BEGIN DATASET RECORDS

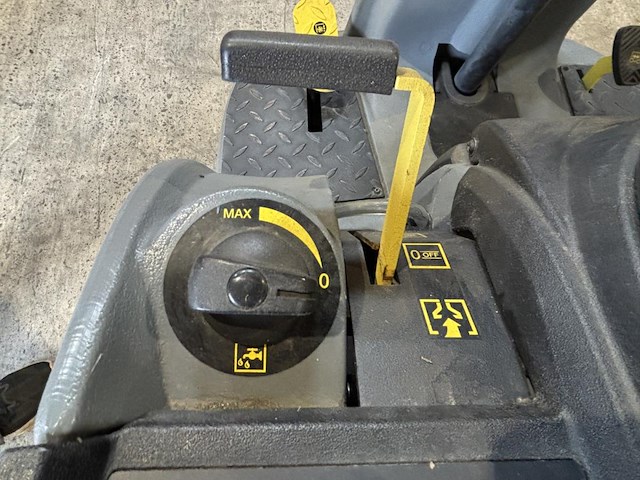 Karcher b 90 r classic bp pack zitschrob/zuigamchine - afbeelding 10 van  16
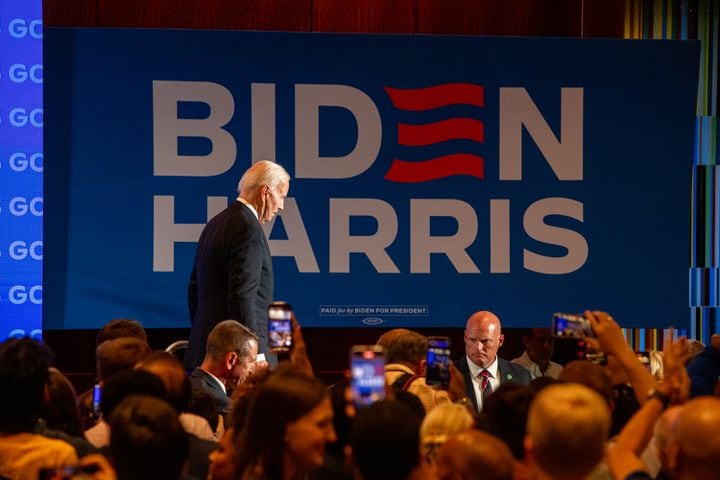 Biden motorcade to debate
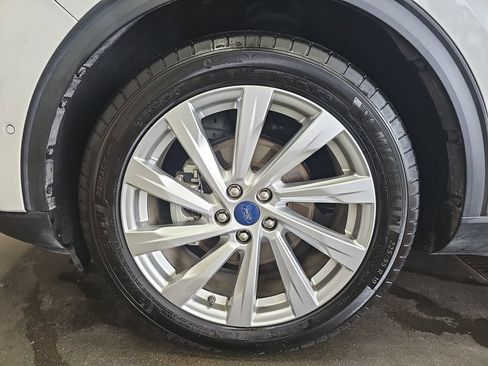 Used 2021 Ford Escape Titanium w/ Titanium Elite Package FWD image 34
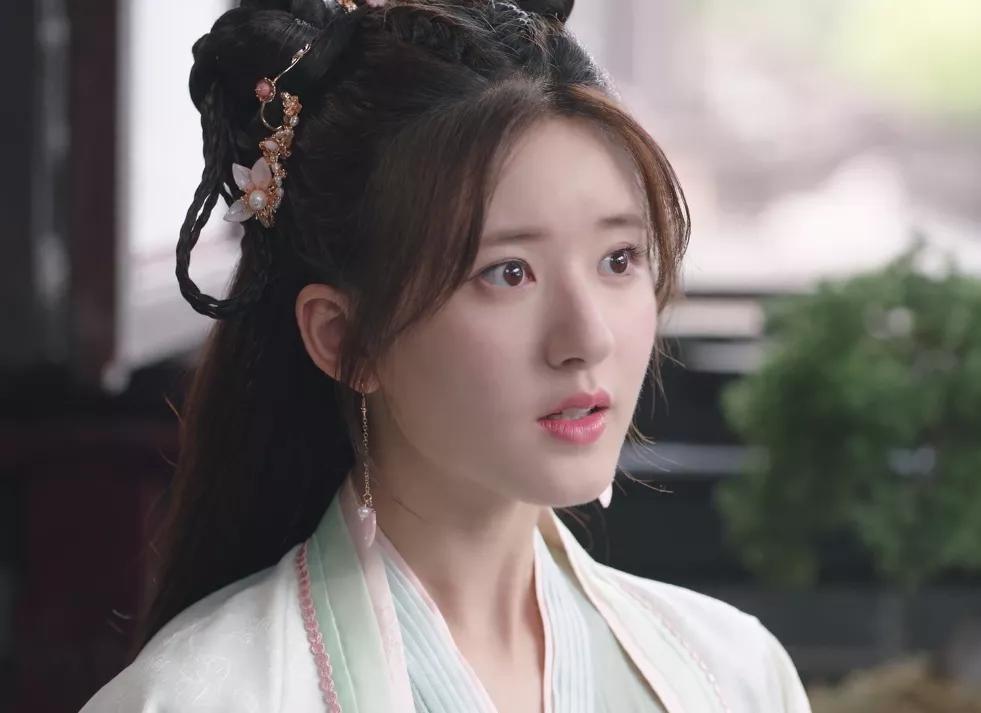 迪丽热巴路人镜头下的女明星：刘诗诗唐嫣法令纹明显，迪丽热巴童瑶身材好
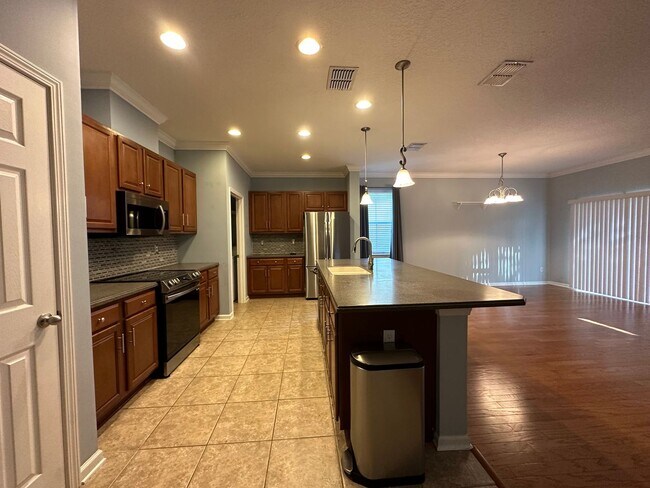 Building Photo - Adorable Home in Prime Location!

END DATASET RECORDS

Rewrite the data above exactly as given, but omit the images.

* YOUR RESPONSE *
 Karcher b 90 r classic bp pack zitschrob/zuigamchine - afbeelding 10 van  16
 Biden motorcade to debate
 Used 2021 Ford Escape Titanium w/ Titanium Elite Package FWD image 34
 迪丽热巴路人镜头下的女明星：刘诗诗唐嫣法令纹明显，迪丽热巴童瑶身材好
 Building Photo - Adorable Home in Prime Location!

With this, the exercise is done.